## The Weighting Game

*Submitted on May 9, 2012*

A while back, I noted that states and districts should exercise caution in assigning weights (importance) to the components of their teacher evaluation systems before they know what the other components will be. For example, most states that have mandated new evaluation systems have specified that growth model estimates count for a certain proportion (usually 40-50 percent) of teachers’ final scores (at least those in tested grades/subjects), but it’s critical to note that the *actual* importance of these components will depend in no small part on what else is included in the total evaluation, and how it's incorporated into the system.

In slightly technical terms, this distinction is between *nominal* weights (the percentage assigned) and *effective* weights (the percentage that actually ends up being the case). Consider an extreme hypothetical example – let’s say a district implements an evaluation system in which half the final score is value-added and half is observations. But let’s also say that every teacher gets the same observation score. In this case, even though the assigned (nominal) weight for value-added is 50 percent, the actual importance (effective weight) will be 100 percent, since every teacher receives the same observation score, and so all the variation between teachers’ final scores will be determined by the value-added component.
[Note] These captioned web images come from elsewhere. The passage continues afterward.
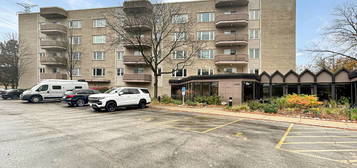 6401 Lincoln Ave #508, Morton Grove, IL 60053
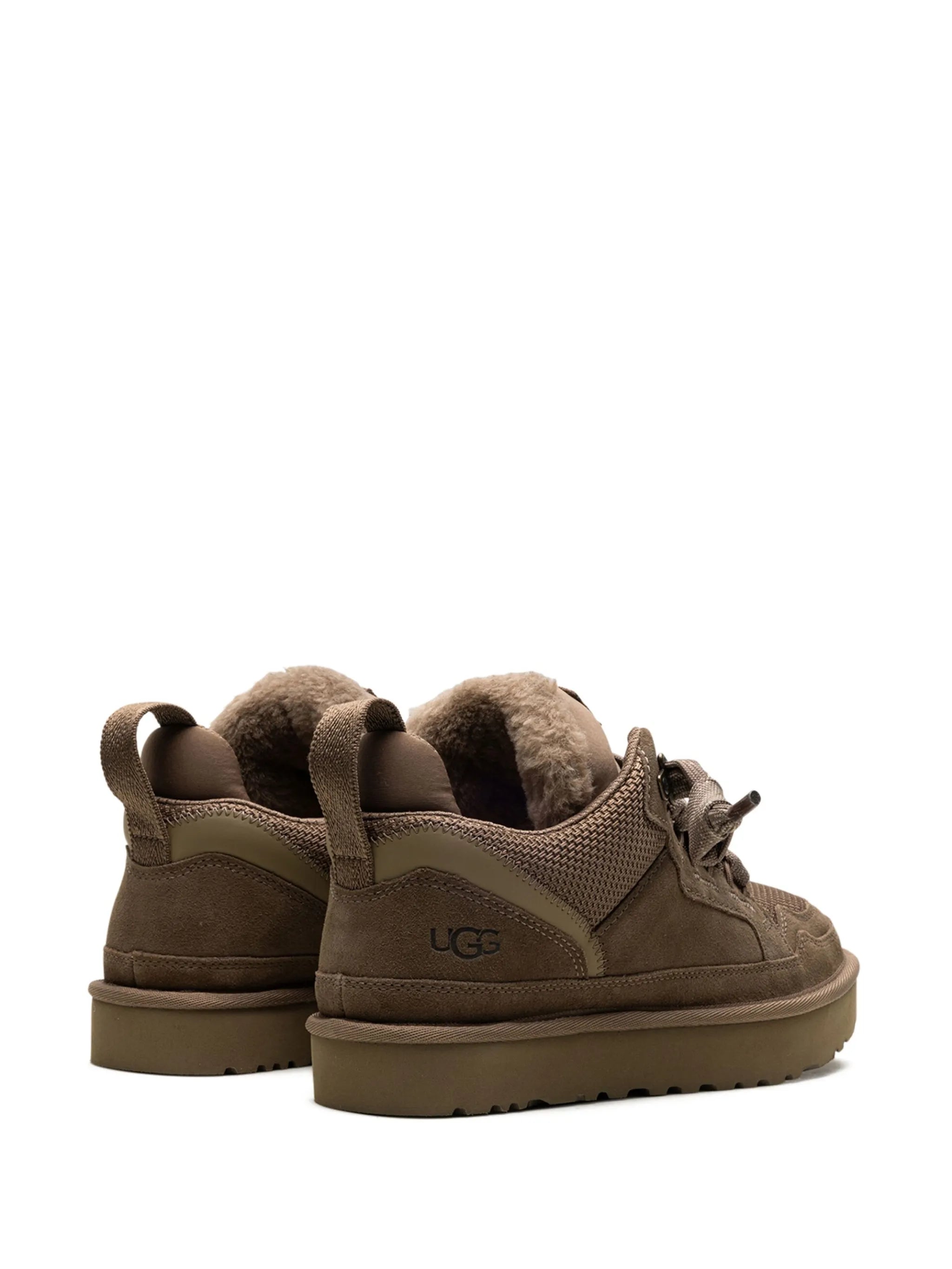UGG Lowmel Hickory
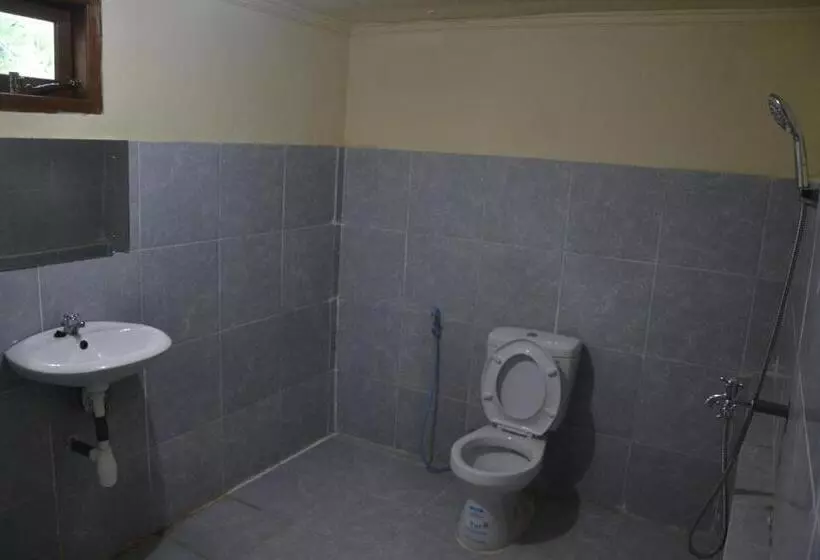 ペンション Bb Homestay Two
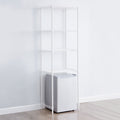 DormCo Suprima Extra Height Mini Shelf Supreme  White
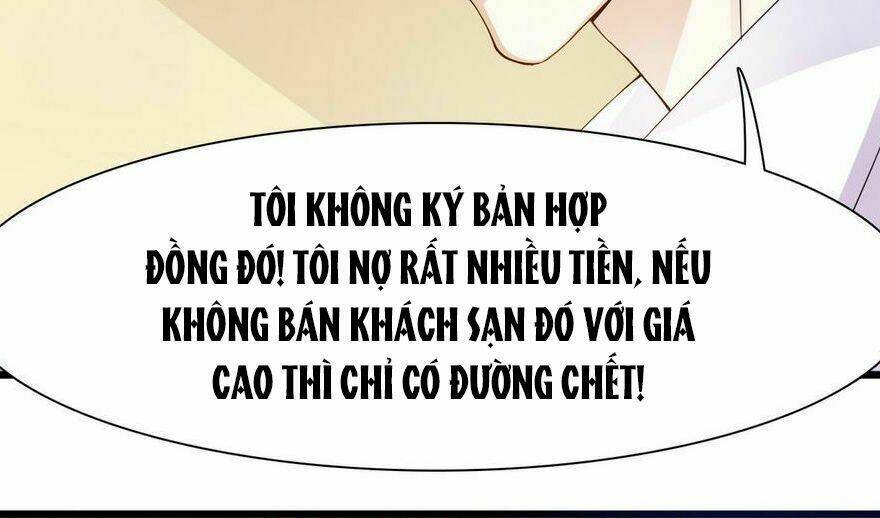 chủ tịch và nữ sát thủ chapter 50 2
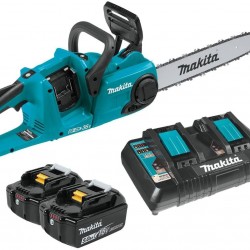 Makita XCU03PT 18V X2 (36V) LXT Lithium-Ion Brushless Cordless (5.0Ah) 14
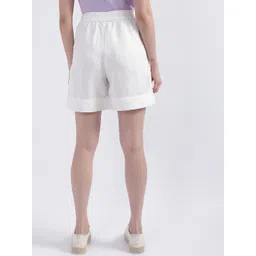 GANT Women Regular Fit Shorts image 5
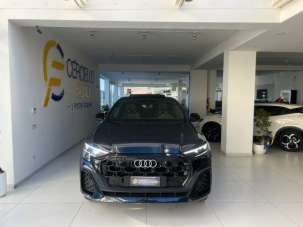AUDI Q8 Elettrica/Diesel 2025 usata, Napoli AUDI Q8 Elettrica/Diesel 2025 usata, Napoli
This issue of nominal/versus effective weights is very important, and, with exceptions, it gets almost no attention. And it’s not just important in teacher evaluations. It’s also relevant to states’ school/district grading systems. So, I think it would be useful to quickly illustrate this concept in the context of Florida’s new district grading system.

In a prior post, I criticized Florida’s new formula on several grounds (I couldn’t touch on all of them in a single post). One of the issues I did not mention was this issue of nominal and effective weights.

Just to very quickly summarize, in Florida’s system, a district’s grade is calculated in an exceedingly simple manner. It is the sum of eight percentages. Four out of those eight percentages (i.e., 50 percent of a district’s final grade) are: math proficiency; reading proficiency; the percent of students “making gains” in math; and the percent of students “making gains” in reading. (As discussed in that previous post about this system, the “gains” aren’t really gains, but that’s not important for our illustrative purposes here.)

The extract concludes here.